The curly theta is a complex quantity of which the real part is curly epsilon, the usual eccentric anomaly, and the imaginary part is a constant dependent on the eccentricity. A benefit of the transformation may be that curly theta does not go to zero when the real eccentric anomaly or its real functions go to zero: which may help to avoid singularities.

 The second part of the question asks how does this help to find the coefficients of the Fourier series for $$v-M$$? I believe the answer is that it doesn't do that (and it is seemingly not intended to do so).

Scheibner's (very obscure!) paper seems to have been a follow-up to efforts of better-known others, especially Carlini and Jacobi, to provide mathematically rigorous confirmation or correction of Laplace's results on convergence and divergence of series expansions that represent quantities relevant to motion in a Keplerian ellipse.
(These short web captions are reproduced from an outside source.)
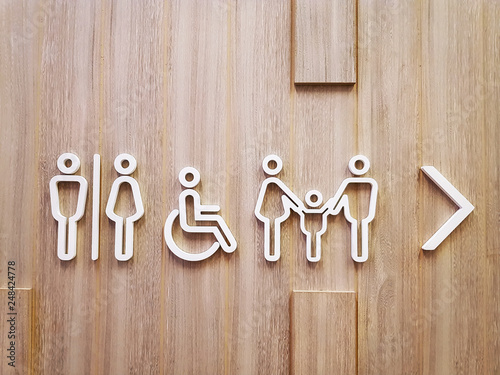 Various Designs of White Toilet Symbols on Wooden Wall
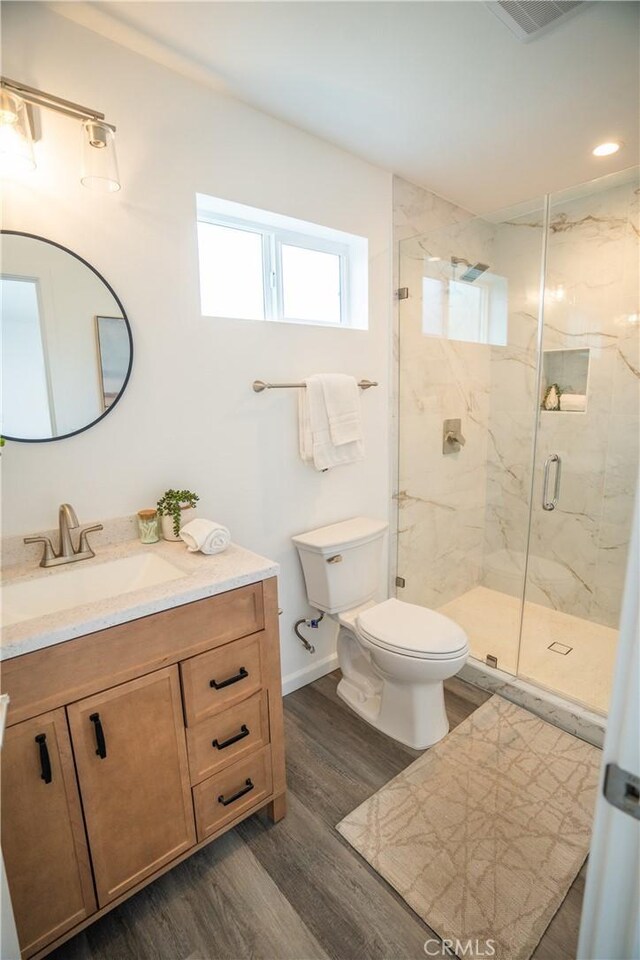 4110 E Vermont St, Long Beach, CA 90814 - full bathroom with toilet, a marble finish shower, wood finished floors, and vanity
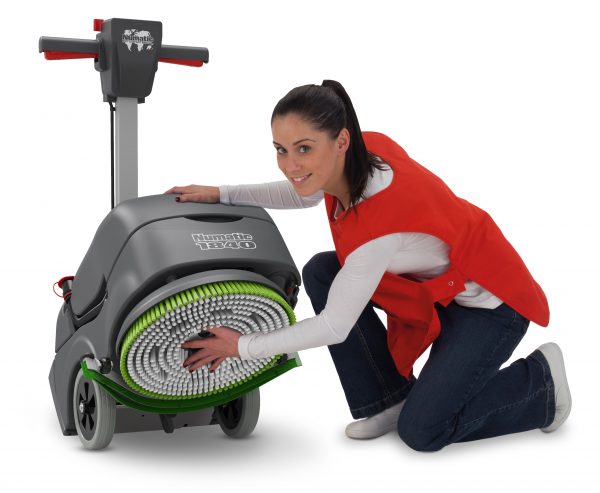 Woman fixing a green and white scrubbing brush onto a scrubber dryer model TTB1840NX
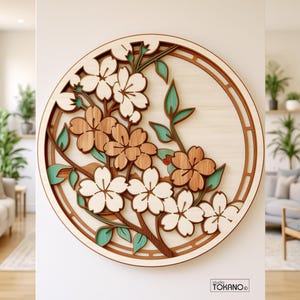 Op de afbeelding: Een cirkelvormig houten wandkunstwerk met gelaagde kersenbloesemtakken, witte en naturelkleurige bloemen en groenblauwe bladeren. Het ontwerp is gevat in een ronde lijst met een uitgesneden patroon. De tekst studio TOKANO is zichtbaar.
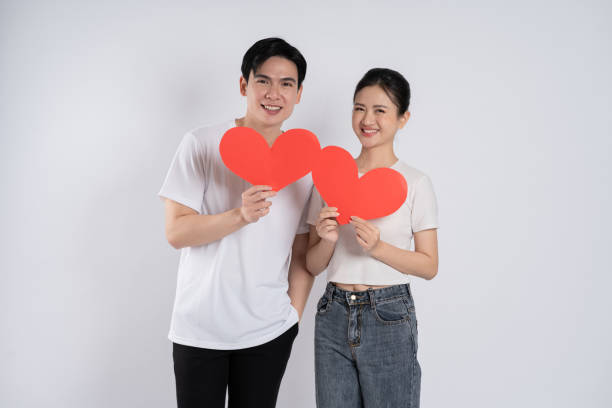 istock Image of Asian couple posing on white background 2174617362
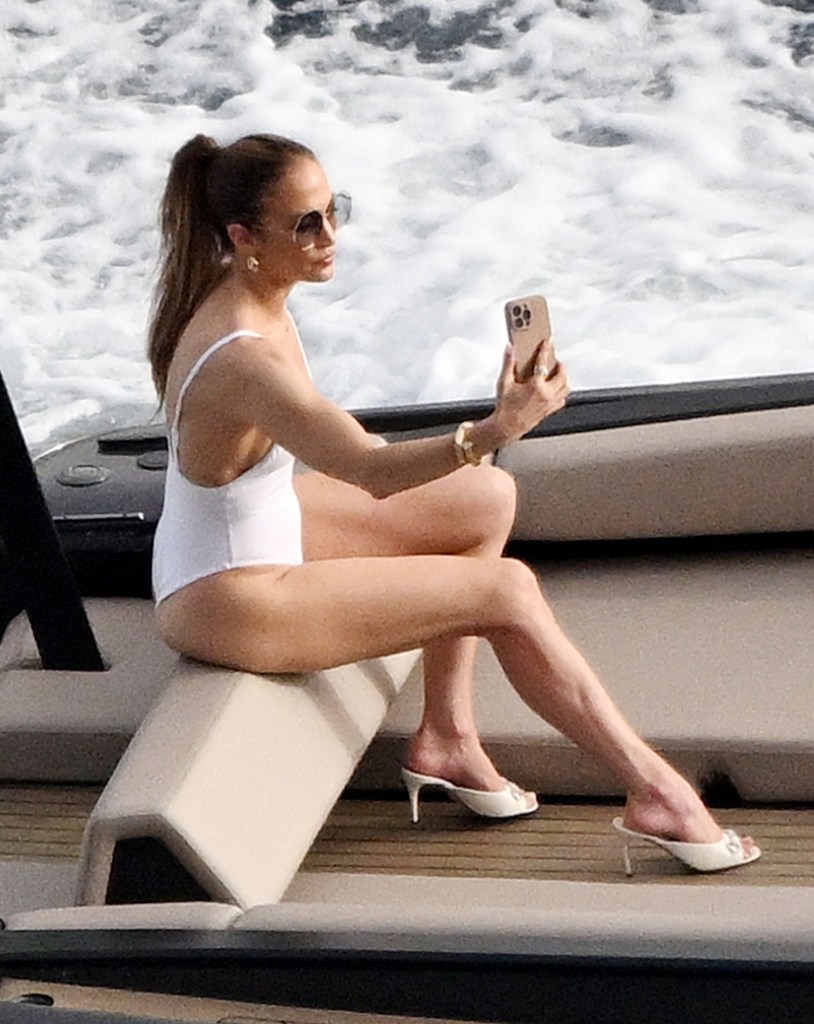 J-Lo on a boat with her phone. 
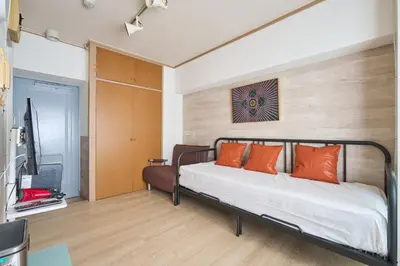 a bedroom with a bed with orange pillows and a television at ND-307Yamanote Line shinjuku \u9ad8\u7530\u99ac\u5834 5mins walk Hostel!\u9ad8\u901fWi-fi! Waseda in Tokyo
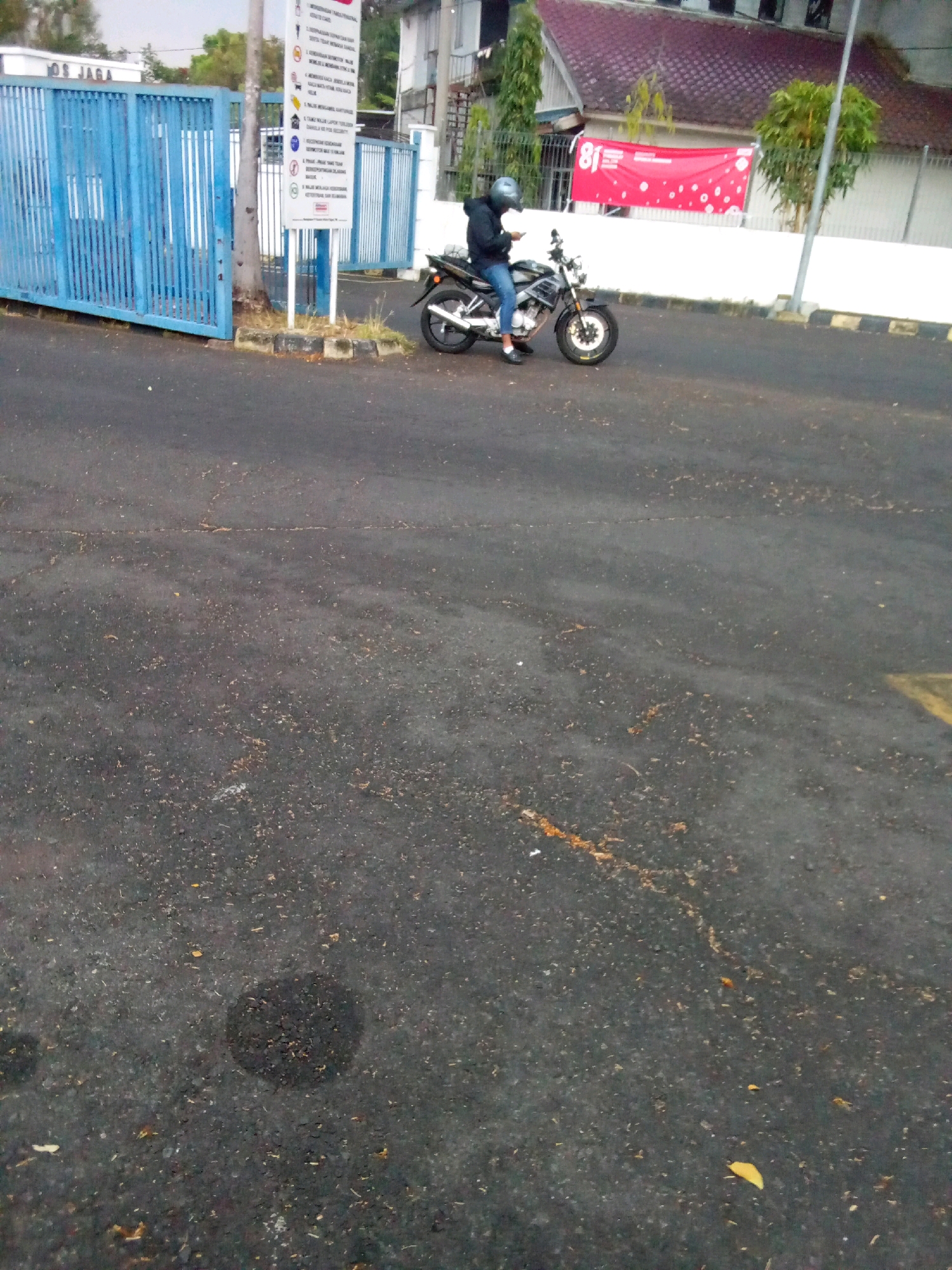 A person is sitting on a dark-colored motorcycle parked on an asphalt road in Mangli, Indonesia. The person is wearing a blue helmet, a dark hoodie, and blue jeans. They are holding a smartphone in their left hand. The motorcycle has a silver fuel tank and black bodywork. In the background, there is a blue metal gate with vertical bars, a white wall, and a building with a red-tiled roof. A red banner with white polka dots and the number "81" is hanging on the wall. Several trees and a signpost are also visible. The ground is a dark asphalt surface with some scattered leaves and debris.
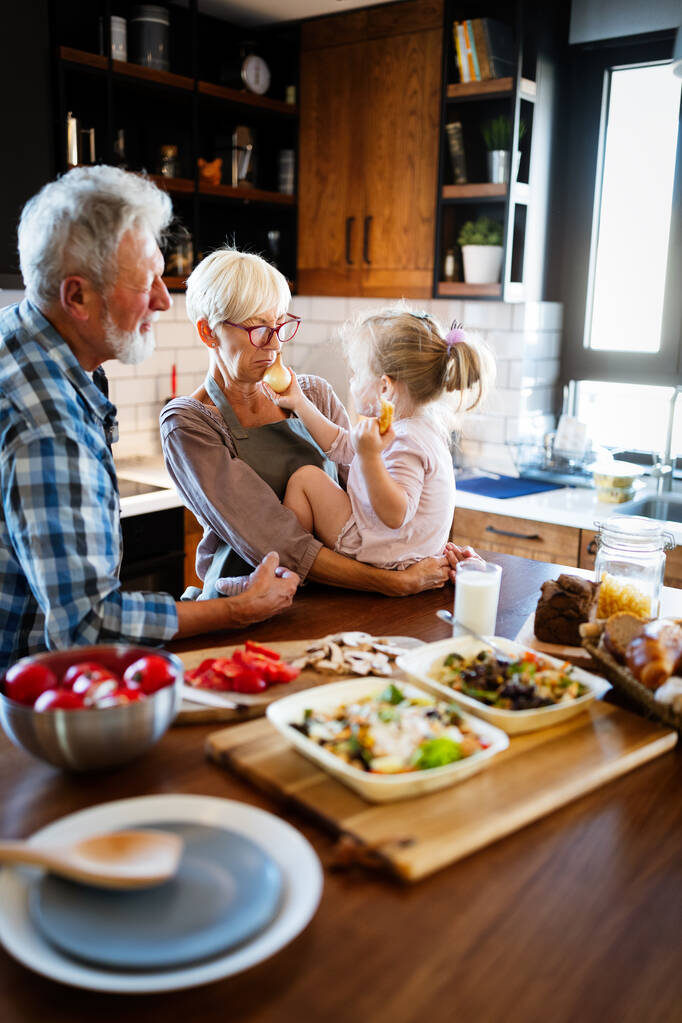 Glückliches Enkelmädchen beim Frühstück mit den Großeltern zu Hause - Foto, Bild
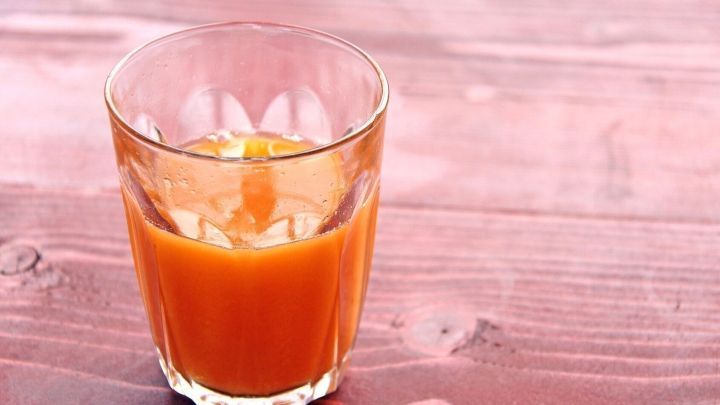 Ein Glas Karottensaft steht auf einer rustikalen Holzoberfl&auml;che und reflektiert sanft das Licht, das den Saft erleuchtet.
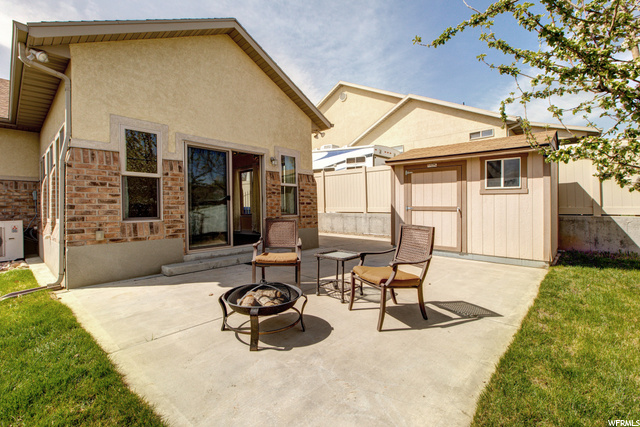 Backyard Patio with Storage Shed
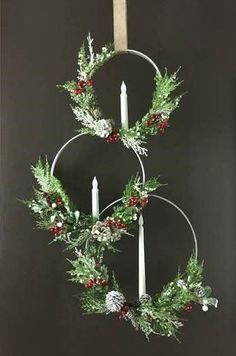 two christmas wreaths with candles hanging from them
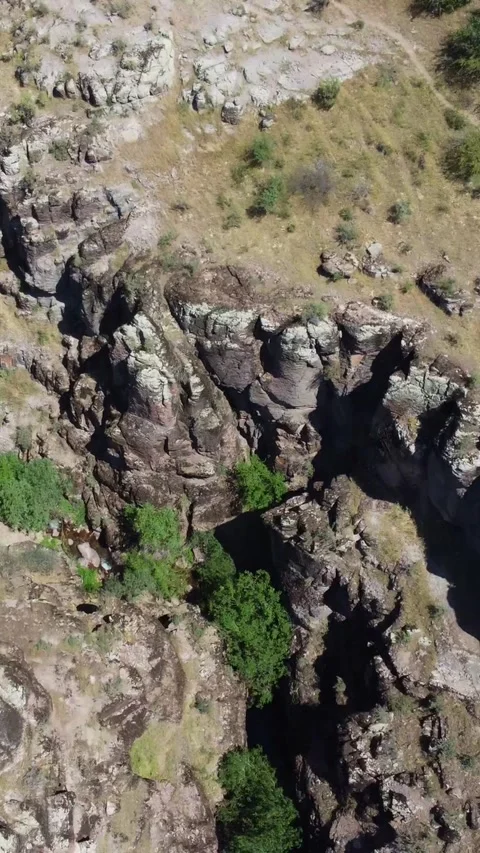 Aerial view of weathered basalt cliffs and dry gorge topography in Kazakhstan Stock Footage 338124607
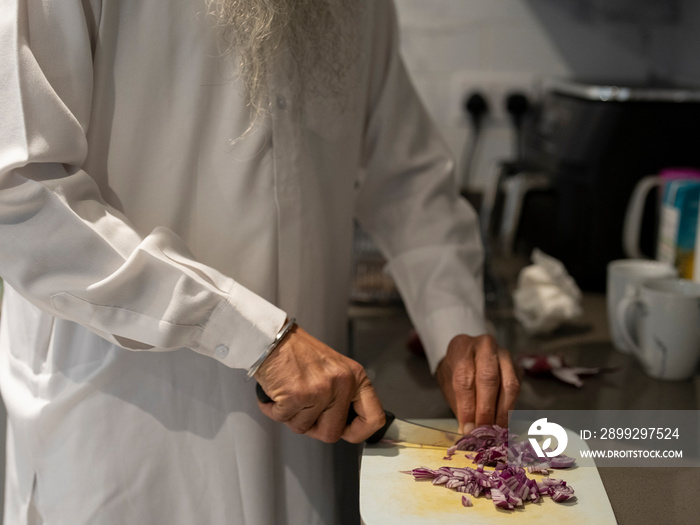 Senior man chopping onion in kitchen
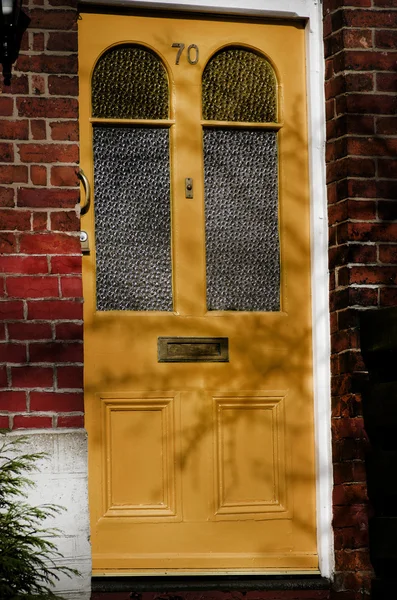 Porte d'entrée jaune d'une maison de ville anglaise en brique rouge. Manchester . — Photo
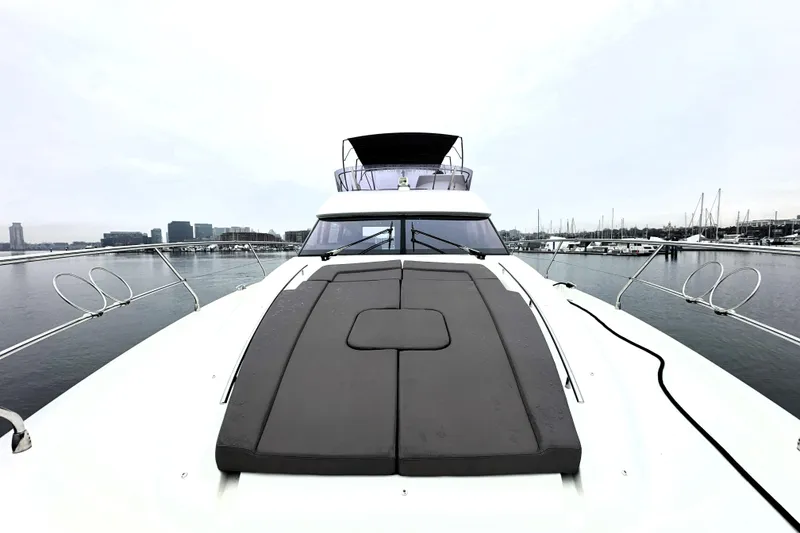 Slide: The Image of 2017 Prestige 500 yacht on calm water, showcasing sleek design and spacious deck. - 17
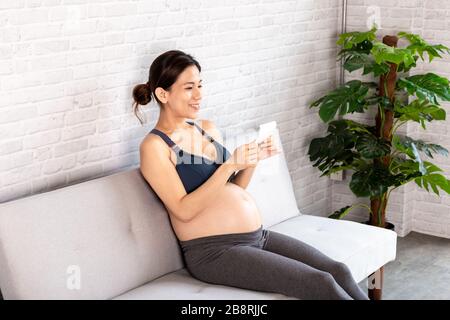 Happy Chinese pregnant female in sportswear smiling and examining sonogram while sitting on sofa in cozy living room Stock Photo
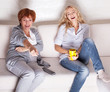 Foto: Mother with adult daughter watching television Mother with adult daughter watching television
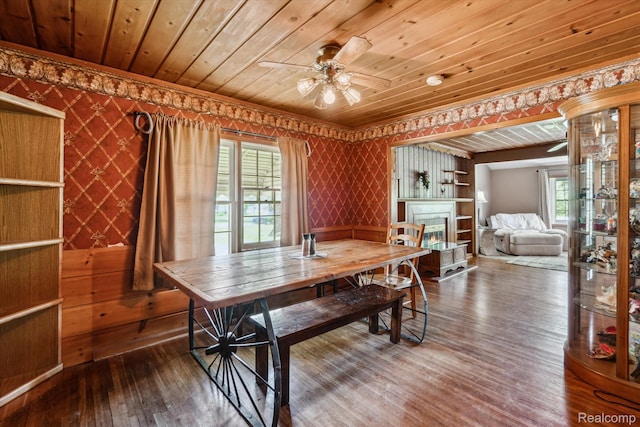 1250 W Thompson Rd, Fenton, MI 48430 - dining space featuring wallpapered walls, wooden ceiling, ceiling fan, wood-type flooring, and crown molding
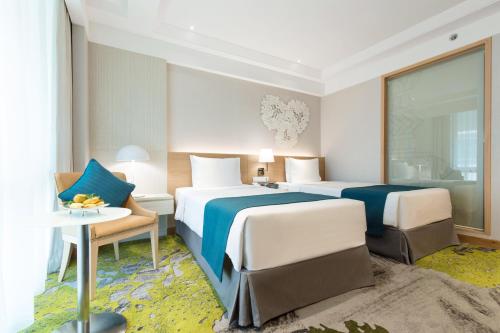 a hotel room with two beds and a table at Holiday Inn Bangkok by IHG in Bangkok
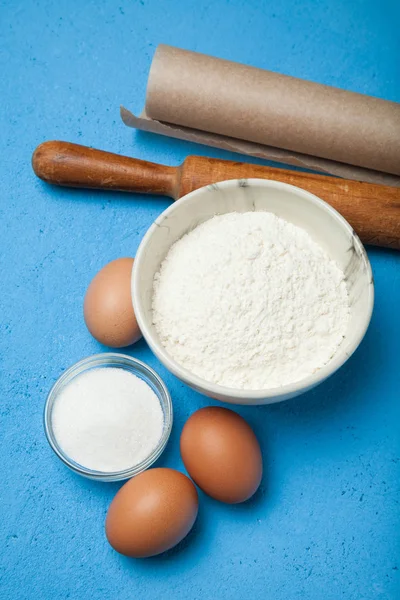 Flour, eggs, butter, sugar on a blue background, vertically.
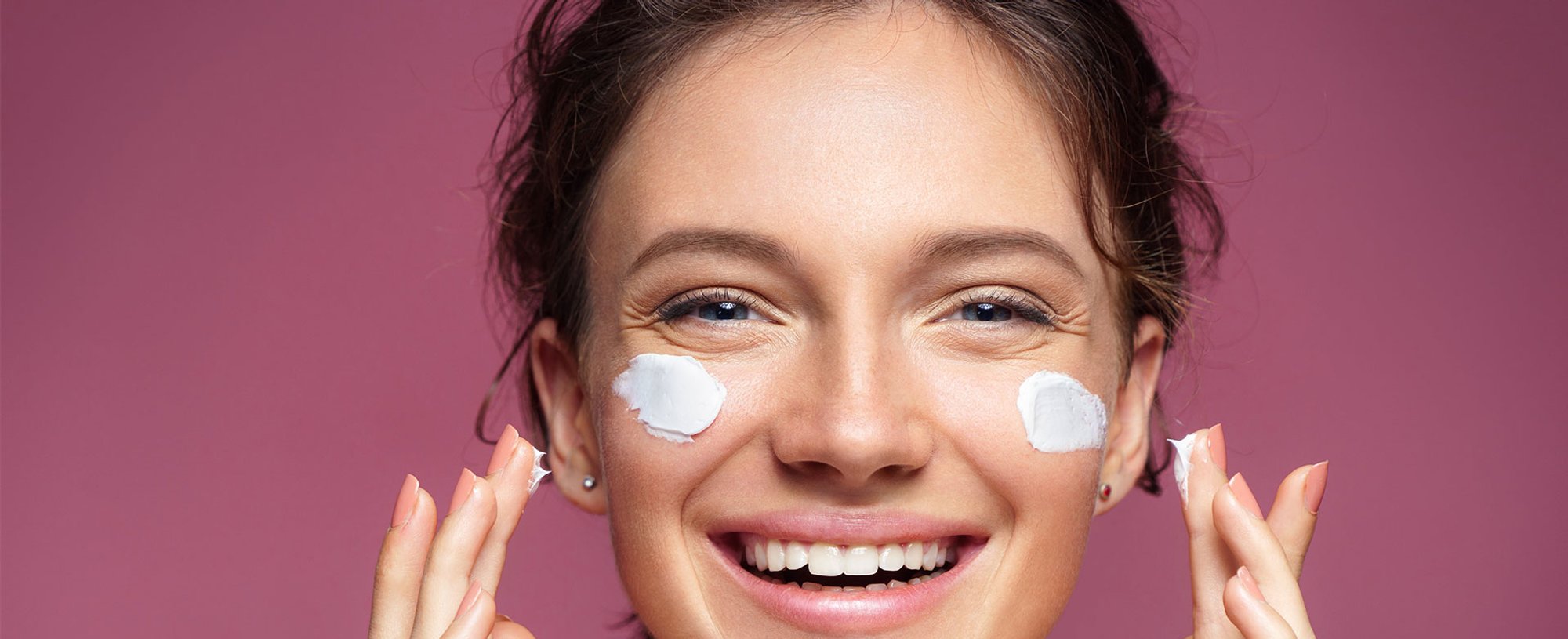 Modelo Sorrindo Passando Produto Em Seu Rosto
Specifically, the series of interest were those expressed in terms of sines and cosines of the mean anomaly. Laplace, Carlini and Jacobi employed asymptotic approximations for distant terms of such series expansions, either adjacent each other or not far apart, to examine their contribution to convergency or divergency of the series as a whole. Scheibner's aim, not well explained, emerges from his title and his references to papers of Carlini (1817) and Jacobi (1849): he adopts a problem related to theirs, and his focus may have been to generalize, with maintenance of rigor, what had previously been done: perhaps this accounts for some of his obscurity.

The comment by @David Hammen on this question has a great deal to be said for it -- I agree with his recommendation against self-torture with such an obscure paper as Scheibner's! This is especially so as its aim and purposes are arguably now outdated and in any event of little practical use -- nobody would want to use such series at high eccentricities, even if they were technically convergent, because the convergence to practical levels of accuracy would be too slow, and would be computationally expensive, calling for too many terms.

If there is interest in trying to follow the efforts towards adding mathematical rigor to Laplace's results on the 'Laplace limit', I would be more inclined to look primarily at the papers of Laplace himself in Connaissance des Tems (1828:311-321) and in Oeuvres complètes 12 (1827:549-566), and then Jacobi (1849) and Jacobi's (1850) correction of Carlini, rather than the obscurities of Scheibner (who seems no clearer in his English paper than in his German). Laplace seems clearer in his expressed motivations for his work identifying the 'Laplace limit' of eccentricity, and his explanations of his method of identifying it, much clearer than the content of the Scheibner paper, and even the other papers. The limitations in the Laplace accounts are (a) his route to his results was mathematically non-rigorous as he admitted, and (b) he made a marginal error, arguably unimportant, in solving his equations numerically, obtaining not quite the right numerical value of the limit. Laplace's results themselves were supported by Jacobi in his own paper (1849) and in his correction and revision of Carlini (1850).

 The question also asks for derivations of the coefficients of these much-debated series expressed in terms of the mean anomaly. These can be found in Lagrange (1771), 'Sur le Problème de Képler'. Laplace gave at least some of them too, and there is also related briefer modern material in Brouwer and Clemence (1961) 'Methods of Celestial Mechanics' : 60-77.

There might be a further question, whether the Laplace limit has any astronomical significance? I would argue for an answer 'no'. Other series expansions, for the same quantities, are not subject to the limit. Examples include Euler's original 1747/9 series for the equation of the center, in terms of the eccentric anomaly: it clearly converges for all values of $$e$$ less than 1 'Recherches sur le mouvement des corps célestes en général': paper E112, at 116. (A similar series, this time for the true anomaly in terms of the eccentric anomaly, is given in Brouwer & Clemence 1961, p.63, eq.19.) Such examples make the limit itself look like a mathematical accident connected with a particular form of series expansion, rather than a reflection of any astronomical reality. Perhaps a knottier problem may be presented by the eccentric anomaly and the series representing solutions to Kepler's equation. Even if none of the known series for Kepler's equation are validly convergent for eccentricities near to 1, still there are well-established iterative methods for Kepler's equation, for E in terms of M, (e.g. Nijenhuis, 1991 as well as operationally simpler methods such as bisection and linear interpolation) undoubtedly good for high eccentricities also. In principle, these methods yield convergent sequences of approximations that can be differenced, providing terms that make a summable series convergent even at high elliptical eccentricities. Such series may be very ungainly and unsuited to explicit practical use, but they can still show the principle.